With regards to the research question concerning accuracy of details, no comparison was given such as a CT-View. This question was based on the participants clinical experience. Most physicians are familiar with interpreting CT and MRI datasets or e.g., cardiologists with a coronary angiography. This allowed the participants to compare the three-dimensional presentations with the images they were already acquainted with. Concerning the research question for possible change in treatment, the answers were based on the respective physicians’ clinical experience and their subjective decision-making. This is often the case in the day-to-day work of physicians when deciding on the personal treatment plan. An original treatment plan was not provided as this could have led to a response bias.

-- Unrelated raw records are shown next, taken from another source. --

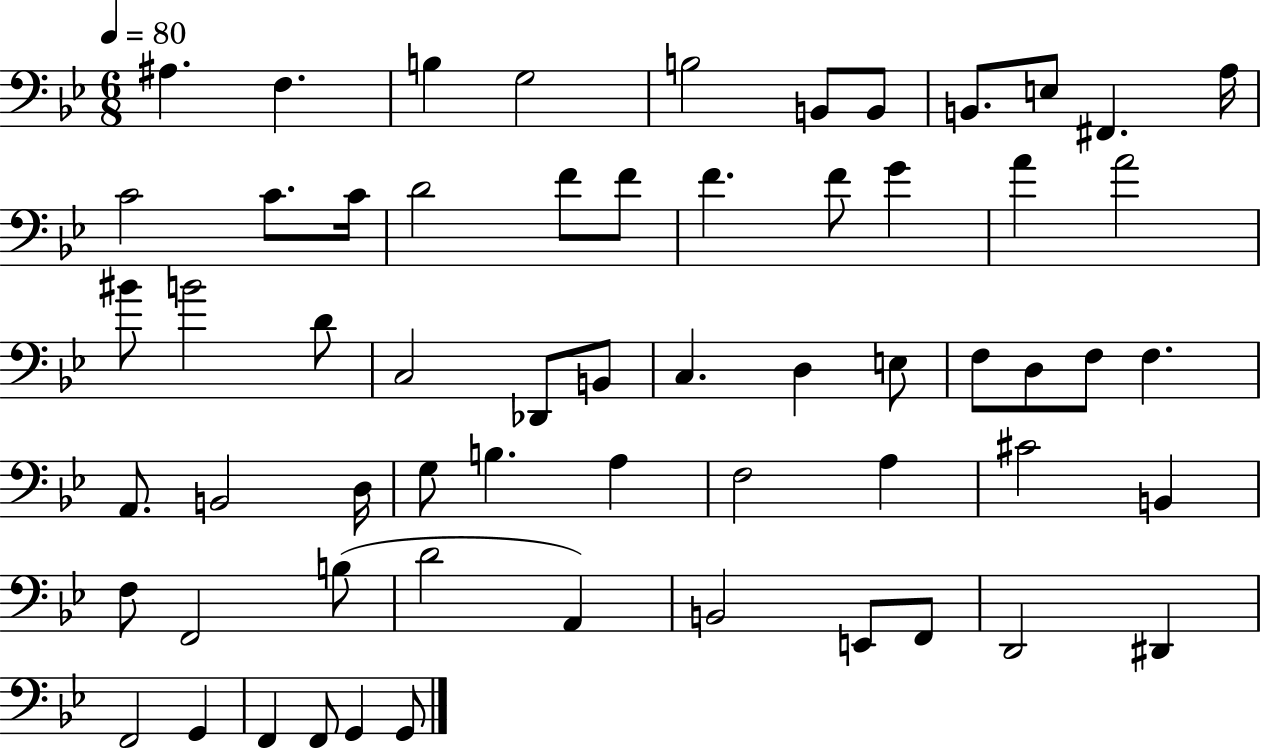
{
  \clef bass
  \numericTimeSignature
  \time 6/8
  \key bes \major
  \tempo 4 = 80
  \repeat volta 2 { ais4. f4. | b4 g2 | b2 b,8 b,8 | b,8. e8 fis,4. a16 | \break c'2 c'8. c'16 | d'2 f'8 f'8 | f'4. f'8 g'4 | a'4 a'2 | \break bis'8 b'2 d'8 | c2 des,8 b,8 | c4. d4 e8 | f8 d8 f8 f4. | \break a,8. b,2 d16 | g8 b4. a4 | f2 a4 | cis'2 b,4 | \break f8 f,2 b8( | d'2 a,4) | b,2 e,8 f,8 | d,2 dis,4 | \break f,2 g,4 | f,4 f,8 g,4 g,8 | } \bar "|."
}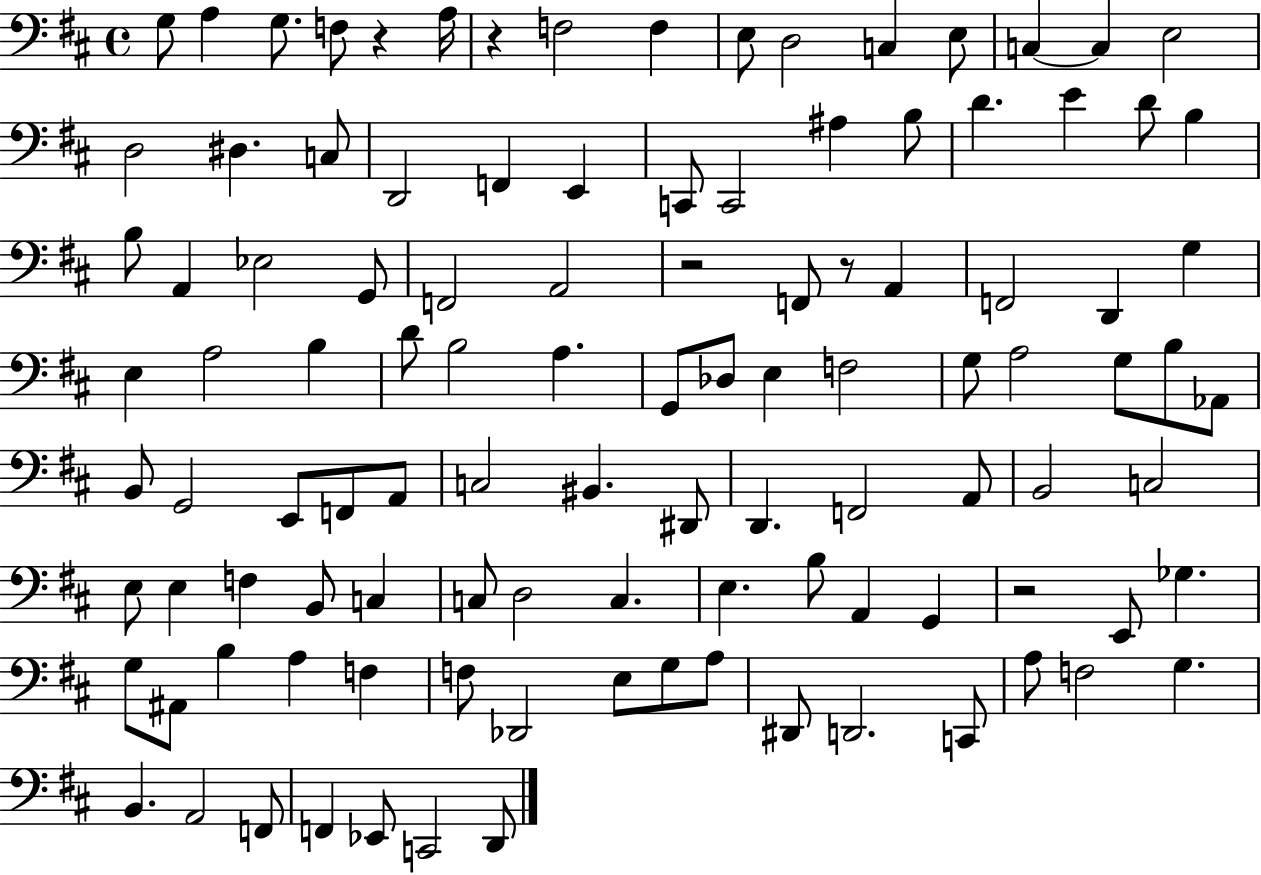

Technical limitations appear when rendering or segmenting the raw DICOM data. This step has a specific susceptibility to errors, and the procedure must be conducted with caution and high accuracy. Furthermore, the technical equipment showed some shortcomings. The models were printed using the MEX technology as it was widely available in the used lab. A study by Msallem et al. attested the MEX technology the highest overall precision compared to other printing technologies [43]. The layer height of 0.2 mm was rather thick and could be lowered in further studies. However, considering the chosen cases, the pathologies were adequately represented with the employed printing resolution. Any possible negative effects regarding the haptic experience were considered to be minor. The orthopedics models were printed in a 0.5:1 scale due to the high print time and tall build volume needed. This led to a decrease in details and haptic recognition. This was noted by several orthopedic surgeons who mentioned that if the models had been 1:1, a higher rating would have been achieved. The HTC Vive VR-Glasses (High Tech Computer Corporation, Taoyuan, Taiwan) that were used have a screen resolution of 1080 × 1200 pixels per eye. Newer versions of VR-Glasses hold much higher resolutions, leading to more precise representations of pathologies. This is a significant improvement that has to be accounted for in interpreting the results of this study. Moreover, the 3D-Display that was used is no longer being produced. The software used to prepare the 3D-Prints were not CE marked medical software. This is also true for the software used to prepare the DICOM data for VR representation and for representation on the 3D-Display. However, a CE marking is not thought to be necessary as this study was conducted within an experimental research context. Furthermore, the CE label does not implicate quality and is not a certification mark. Finally, some technical difficulties occurred concerning the VR-Glasses. This included and was not limited to loosen contact and the inability to render some DICOM data. This problem must be addressed technically.

Conclusions

3D-Print, VR-Glasses, and 3D-Displays are very well accepted, and a relevant percentage of physicians with less than ten years of professional work experience could imagine a possible change in treatment using any of these three-dimensional methods. These findings have important implications for further development of three-dimensional representation tools, given their high acceptance and, in our understanding, a high percentage of physicians stating a possible change in treatment. Our findings challenge scientists, technicians, and physicians to further develop these three-dimensional representation methods to improve the three-dimensional understanding of pathologies. Furthermore, possible applications in medicine must be evaluated more clearly. On the one hand, they can facilitate the day-to-day work of physicians. On the other hand, the educational value could be of importance in the training of young and inexperienced physicians.